La verità, però, è che Amazon non si accontenta di ottimizzare. Jeff Bezos, anche se più impegnato a colonizzare l’orbita bassa che il magazzino di Arese, ha lasciato un’eredità culturale ossessiva: l’automazione totale. Quando nel 2020 ha acquisito Zoox, startup di robotaxi, era chiaro che il futuro sarebbe stato un’unica pipeline logistica chiusa, dalla fabbrica al soggiorno, senza mani umane a sporcarsi di nastro adesivo. Magari anche con un pizzico di controllo sociale — ma chi siamo noi per giudicare?

Amazon, con oltre 500.000 operatori di consegna sparsi nel globo, non ha mai fatto mistero del suo sogno: eliminarli, o almeno ridurli al minimo necessario. Inizia con qualche robot di supporto nei centri di smistamento, come già avviene in USA con sistemi semiautonomi; poi passa alla flotta delivery; infine, chiude il cerchio con IA che coordina tutto, dai percorsi ottimali all’ultima conversazione con l’utente.

E qui la parola chiave diventa software agentico. Non stiamo parlando di intelligenze artificiali stupide che leggono barcode: ma di entità capaci di operare decisioni basate su ambienti non deterministici. Una forma embrionale di “intelligenza logistica generalista”, dove il robot decide se salire le scale, aspettare che il cane si calmi, o lasciare il pacco al vicino. Non è solo efficienza.

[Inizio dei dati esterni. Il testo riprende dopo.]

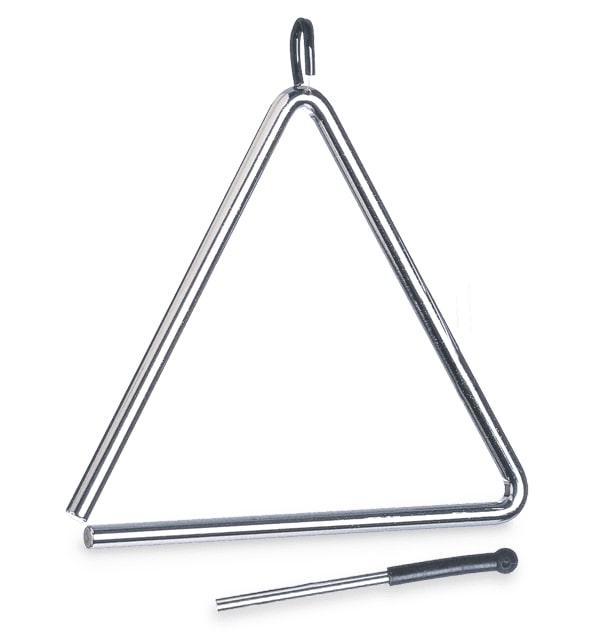 Latin Percussion - Aspire 10" Pro Triangle With Strike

È una nuova ontologia del lavoro.

Ironia della sorte: tutto questo avviene mentre l’Occidente discute ancora se tassare le multinazionali del tech, mentre i camionisti francesi bruciano copertoni e i sindacati italiani raccolgono firme contro il lavoro del sabato. Amazon, nel frattempo, costruisce un coffee shop per robot a San Francisco.

D’altra parte, i robot non votano. Non fanno sindacato. E non chiedono la tredicesima. Per ora.

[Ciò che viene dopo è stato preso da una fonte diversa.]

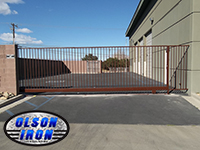 Iron gates, Iron gates Las Vegas, Security gates, Security screens, Security doors, Courtyard gates, Iron fence, Metal gate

Certo, non tutto è semplice. I problemi sono tanti: affidabilità in ambienti reali (scale, neve, bambini curiosi), consumo energetico, cybersecurity (nessuno vuole che il suo pacco venga recapitato da un robot hackerato da un 14enne russo). Ma Amazon ha le risorse, la cultura e l’ecosistema per risolverli, uno per uno. Come ha già fatto con AWS e Prime: prima li deridevano, poi li usavano tutti.

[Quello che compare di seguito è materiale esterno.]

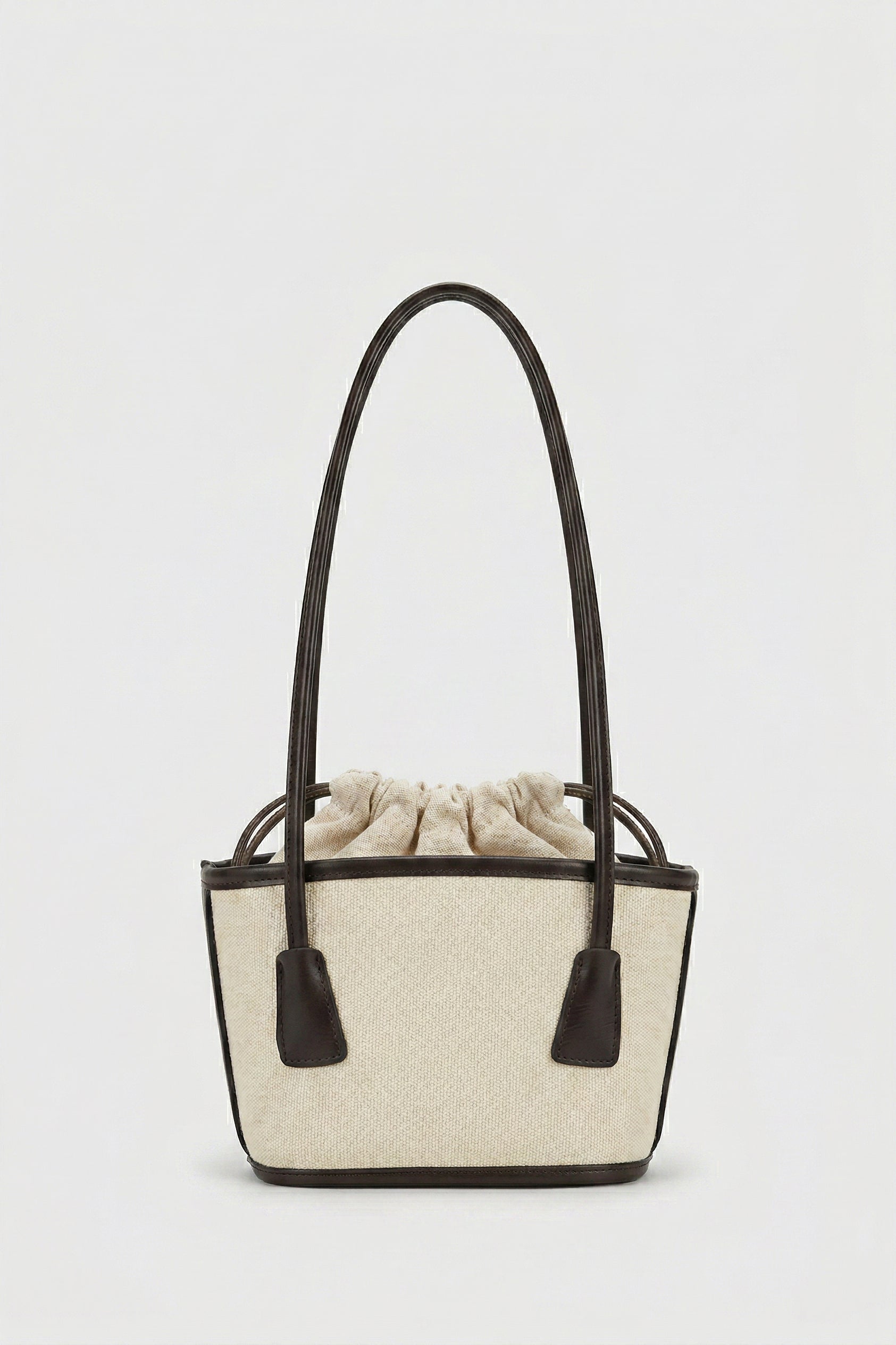 Kanvas Kova Omuz Çantası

La mossa di lanciare un “team agentico” dedicato, in stile Manhattan Project, segna il punto di non ritorno. Non si tratta più di “testare” robot, ma di prepararli alla guerra commerciale finale: quella della disintermediazione umana.

In fondo, Amazon non vuole solo consegnarti il pacco. Vuole possedere ogni istante di quel processo. Dallo scorrere del tuo dito sul telefono fino al fruscio del cartone sullo zerbino. E ora, vuole che a suonare il campanello sia un avatar della sua visione definitiva: un androide marchiato Prime, felice di obbedire, incapace di scioperare.

Come disse una volta Kurt Vonnegut, “We are what we pretend to be, so we must be careful about what we pretend to be.” Amazon non finge più. Sta diventando davvero ciò che aveva sempre promesso di non essere: un ecosistema chiuso, completamente autonomo, dove l’umano è solo l’ultimo nodo della rete.

A noi resta la scelta se restare utenti, o diventare complici.